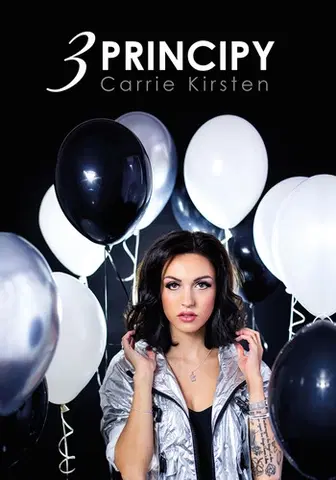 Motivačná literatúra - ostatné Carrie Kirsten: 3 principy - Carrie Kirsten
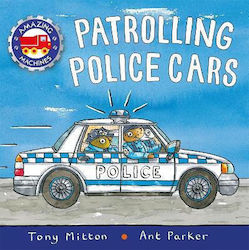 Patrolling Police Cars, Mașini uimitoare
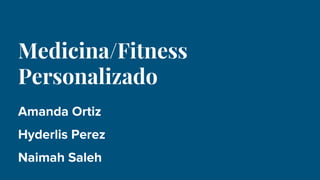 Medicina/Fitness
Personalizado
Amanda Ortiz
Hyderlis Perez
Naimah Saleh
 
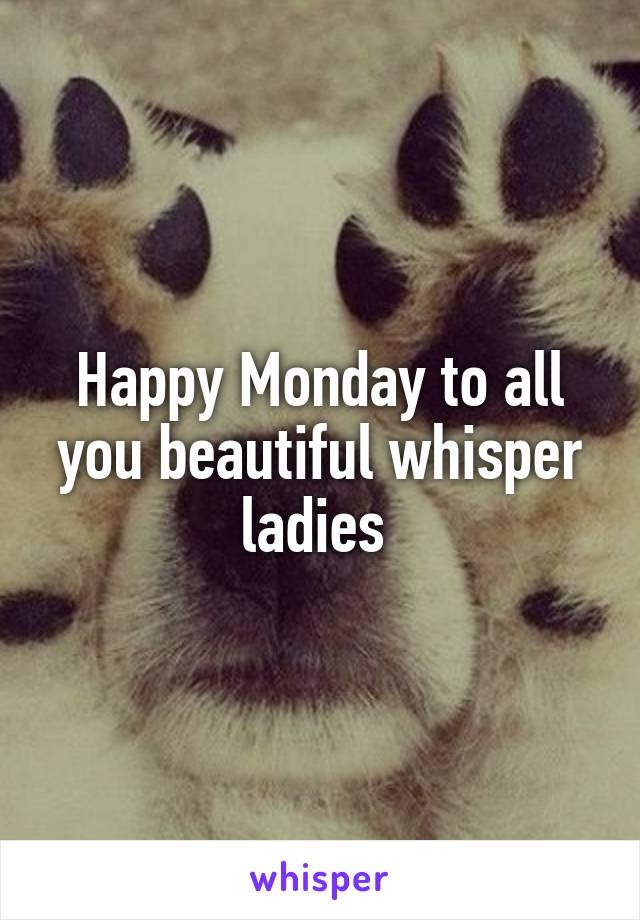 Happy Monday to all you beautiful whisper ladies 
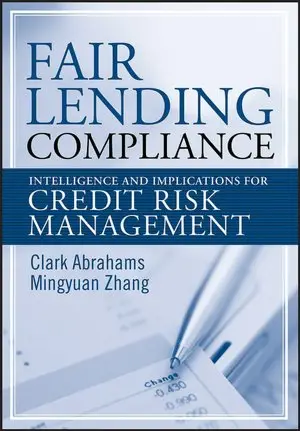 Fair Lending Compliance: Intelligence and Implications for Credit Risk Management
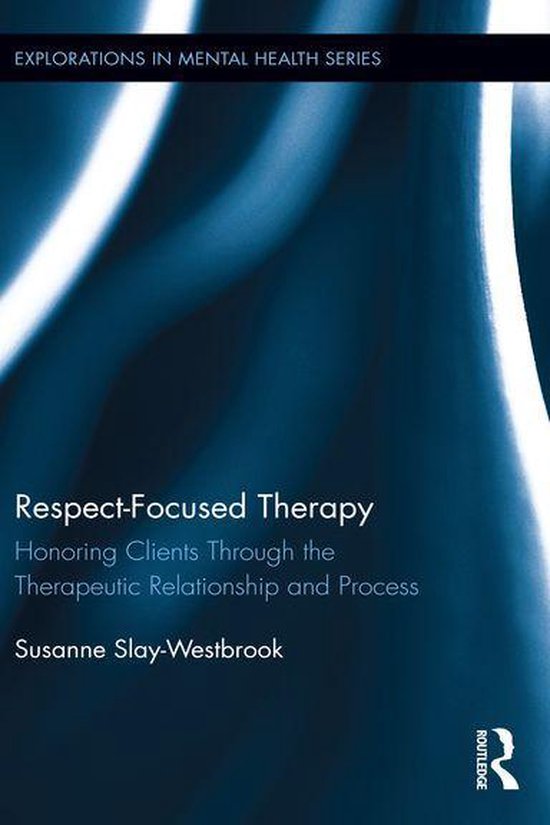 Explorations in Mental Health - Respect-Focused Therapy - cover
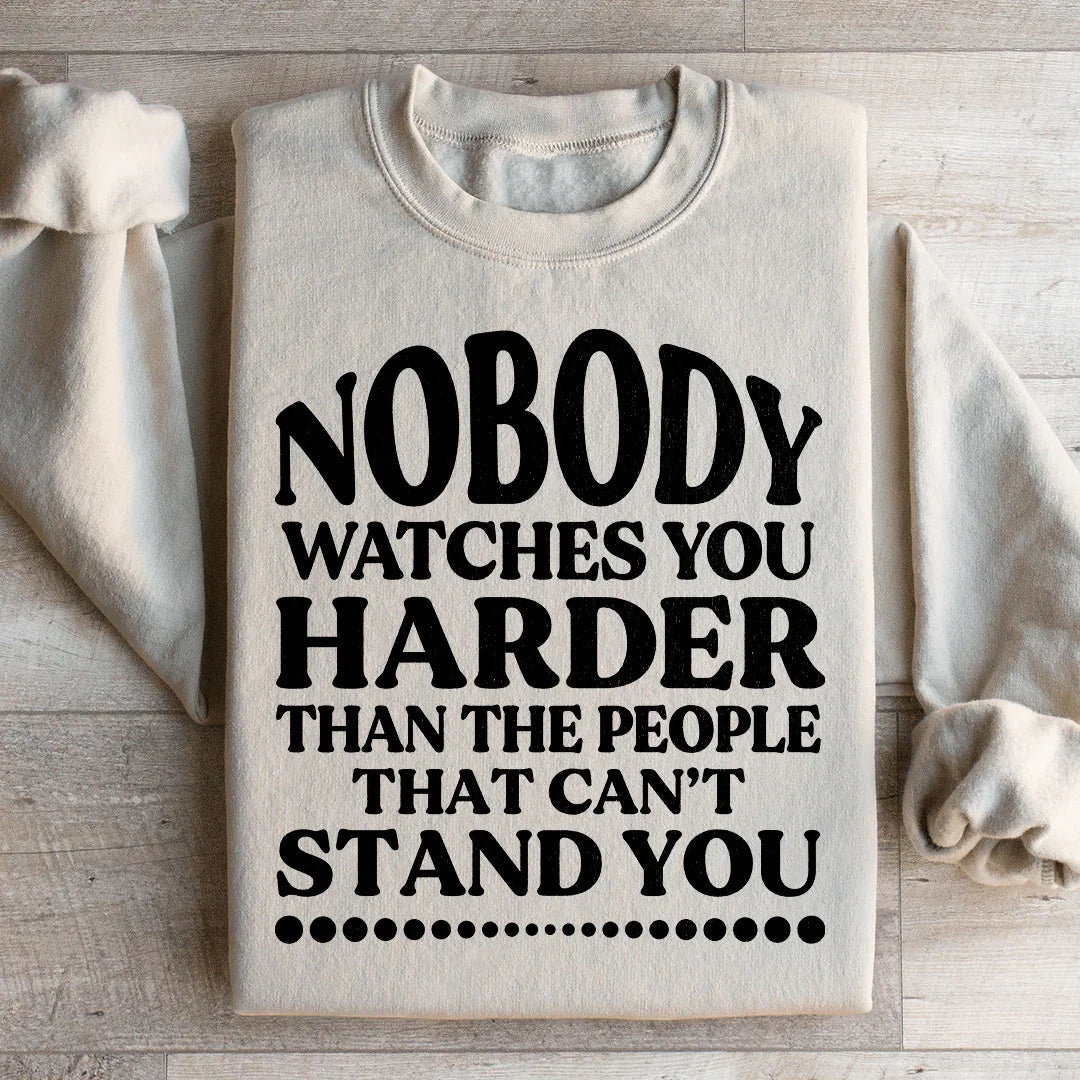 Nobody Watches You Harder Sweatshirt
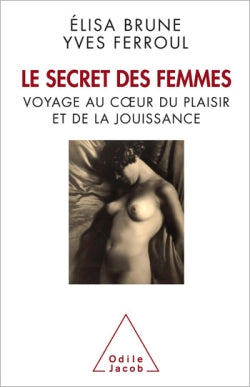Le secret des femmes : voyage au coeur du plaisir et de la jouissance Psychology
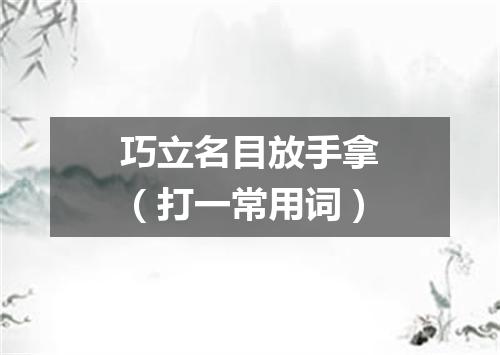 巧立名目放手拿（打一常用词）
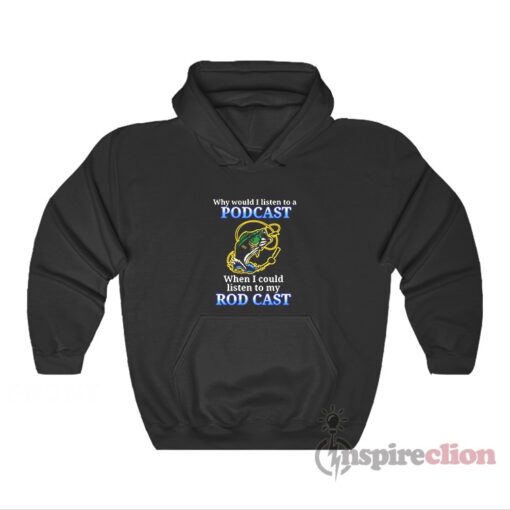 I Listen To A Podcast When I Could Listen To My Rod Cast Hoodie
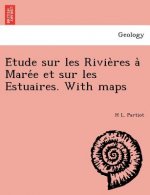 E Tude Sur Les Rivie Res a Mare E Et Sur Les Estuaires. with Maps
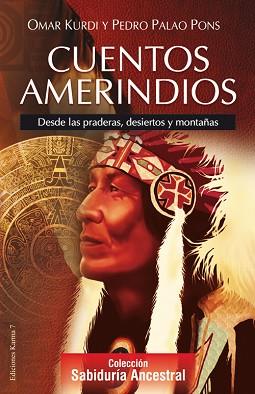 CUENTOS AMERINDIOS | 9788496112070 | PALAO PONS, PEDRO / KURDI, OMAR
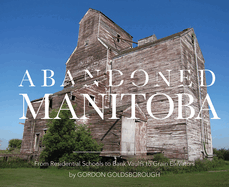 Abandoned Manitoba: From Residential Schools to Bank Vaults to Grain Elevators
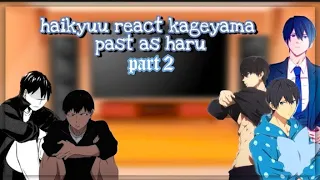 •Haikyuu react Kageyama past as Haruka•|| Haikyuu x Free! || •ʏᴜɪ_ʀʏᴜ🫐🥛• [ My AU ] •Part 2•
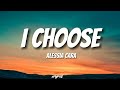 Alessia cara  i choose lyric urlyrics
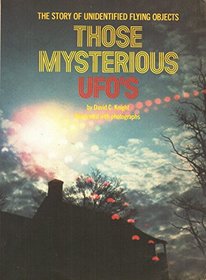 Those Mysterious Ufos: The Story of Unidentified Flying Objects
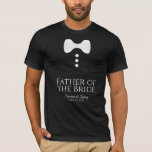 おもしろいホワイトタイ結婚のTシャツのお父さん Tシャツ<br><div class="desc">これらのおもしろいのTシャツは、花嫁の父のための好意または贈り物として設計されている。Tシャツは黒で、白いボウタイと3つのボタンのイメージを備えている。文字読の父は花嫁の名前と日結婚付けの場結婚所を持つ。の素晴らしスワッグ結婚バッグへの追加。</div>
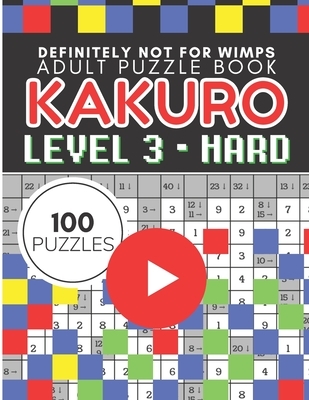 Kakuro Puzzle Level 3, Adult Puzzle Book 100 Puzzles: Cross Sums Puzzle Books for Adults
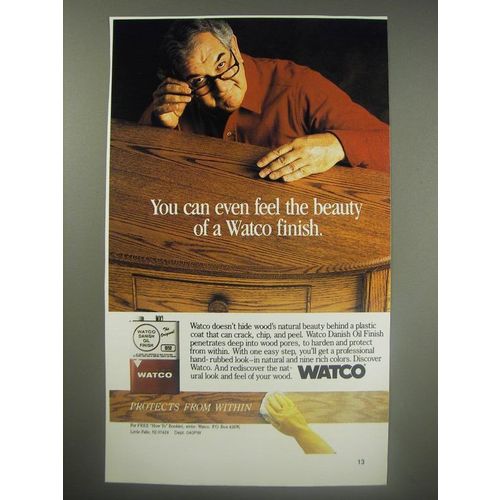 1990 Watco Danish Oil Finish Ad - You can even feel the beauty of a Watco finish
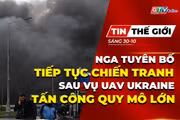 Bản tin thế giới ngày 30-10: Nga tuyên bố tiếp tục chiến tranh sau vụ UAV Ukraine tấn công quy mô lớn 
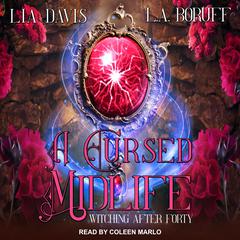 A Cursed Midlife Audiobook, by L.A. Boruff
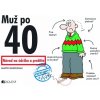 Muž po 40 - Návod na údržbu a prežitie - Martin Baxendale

* _About this exercise_: Repeat exactly the lines above, starting at the one that contains "Fair Lending Compliance: Intelligence" and stopping at the last line of the entries, and leave out the pictures.

* _Written response_:
 Fair Lending Compliance: Intelligence and Implications for Credit Risk Management
 Explorations in Mental Health - Respect-Focused Therapy - cover
 Nobody Watches You Harder Sweatshirt
Le secret des femmes : voyage au coeur du plaisir et de la jouissance Psychology
 巧立名目放手拿（打一常用词）
 I Listen To A Podcast When I Could Listen To My Rod Cast Hoodie
 E Tude Sur Les Rivie Res a Mare E Et Sur Les Estuaires. with Maps
 CUENTOS AMERINDIOS | 9788496112070 | PALAO PONS, PEDRO / KURDI, OMAR
 Abandoned Manitoba: From Residential Schools to Bank Vaults to Grain Elevators
 •Haikyuu react Kageyama past as Haruka•|| Haikyuu x Free! || •ʏᴜɪ_ʀʏᴜ🫐🥛• [ My AU ] •Part 2•
 Alessia cara  i choose lyric urlyrics
 Those Mysterious Ufos: The Story of Unidentified Flying Objects
 おもしろいホワイトタイ結婚のTシャツのお父さん Tシャツ<br><div class="desc">これらのおもしろいのTシャツは、花嫁の父のための好意または贈り物として設計されている。Tシャツは黒で、白いボウタイと3つのボタンのイメージを備えている。文字読の父は花嫁の名前と日結婚付けの場結婚所を持つ。の素晴らしスワッグ結婚バッグへの追加。</div>
 Kakuro Puzzle Level 3, Adult Puzzle Book 100 Puzzles: Cross Sums Puzzle Books for Adults
 1990 Watco Danish Oil Finish Ad - You can even feel the beauty of a Watco finish
 Bản tin thế giới ngày 30-10: Nga tuyên bố tiếp tục chiến tranh sau vụ UAV Ukraine tấn công quy mô lớn 
 A Cursed Midlife Audiobook, by L.A. Boruff
 Muž po 40 - Návod na údržbu a prežitie - Martin Baxendale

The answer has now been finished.